Look at any well-written Business Plan and you’ll see a section called “Value Proposition” – and this is normally one of the key questions investors have from entrepreneurs and how this value proposition will solve a problem for your intended customer. How can an entrepreneur create a compelling value proposition for a business? To answer this question, we researched what some of the local and global founders consider as their best tips.
Here are 11 tips on how to write a value proposition.
Speak With Your Future Customers
Identify the opportunity that exists in the marketplace. When our business first started in 2006, the value proposition we identified was to “offer small startups a World-Class Management Consulting Service and Bespoke Business Plans at an affordable rate”. Before our company was founded, clients either had the option of using cheap Template-Driven Business Plan Consultants, Business Plan Software, or Do-It-Yourself Options.

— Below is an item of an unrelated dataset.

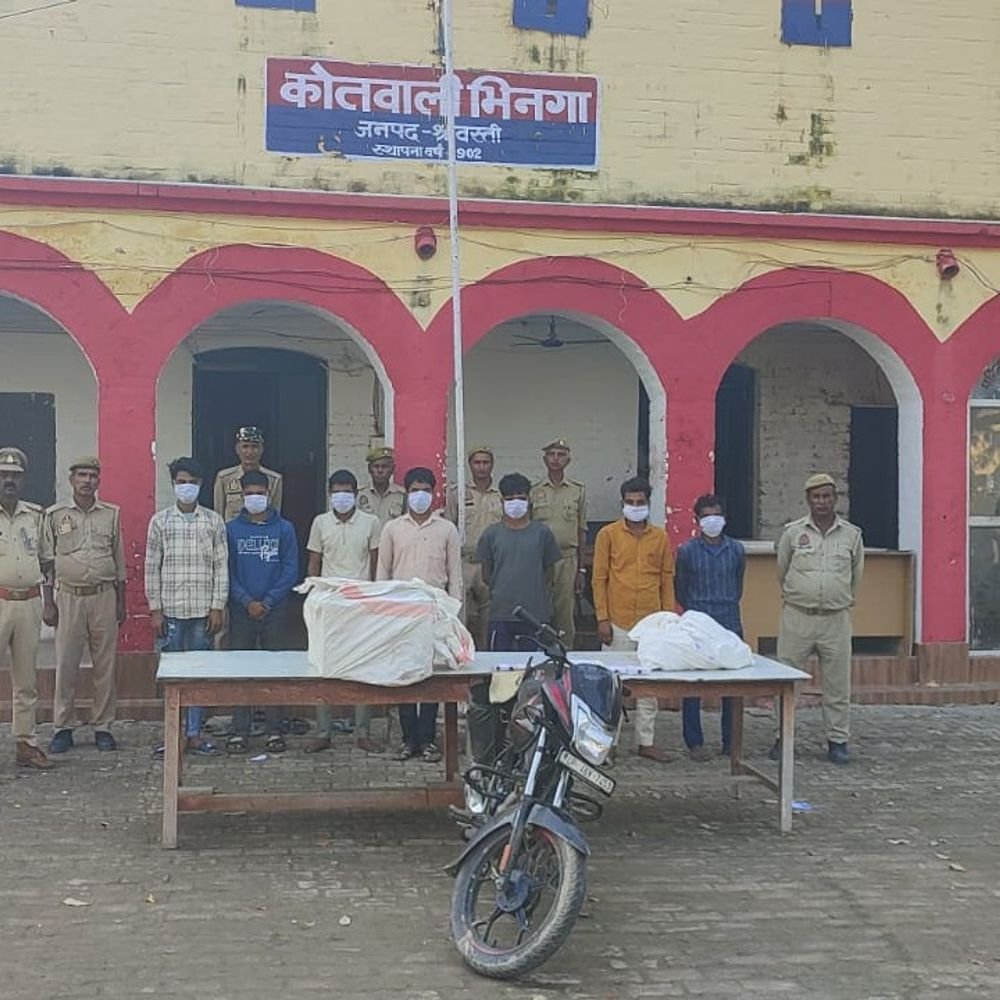श्रावस्ती में चोरी के दो मामलों का खुलासा:स्कूल-दुकान से चोरी हुआ सामान बरामद, निर्माणाधीन मकान से पकड़े गए दोनों चोरियों में शामिल 7 आरोपी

By identifying a value proposition that created more value for our customers, we have been able to celebrate our 15th anniversary year in business this year. For any entrepreneur looking to create a compelling value proposition, take the time to research the industry, speak with customers, and be bold enough to dream up something unique. And don’t copy others. Don’t be known as the Copy-Cat in the Industry.
Write The Value Proposition Down
The process of identifying a value proposition requires lots of revisions. Why? Because finding product (service)-market fit requires an entrepreneur to “get out of the building” and talk with customers about where they find value in a product or service. If an entrepreneur listens hard enough, customers will share what the true value proposition may be. My best advice is to write a value proposition down and revise it consistently after each customer interview. If the customer insights phrase a value proposition differently, write it down and validate the phrase over and over until you’ve found a fit.
Keep the Customer’s Problem at the Forefront of Your Mind
A value proposition for a business is a promise of something to be delivered! It is the main reason why a customer should (or should not) buy a product or service from you. As an entrepreneur, this is the most important part of starting any business, because customers don’t know what kind of value you can offer them yet. When creating a business value proposition, always keep the customer at the forefront of your mind. Identify a problem a customer may have and present how your product or service can be the solution.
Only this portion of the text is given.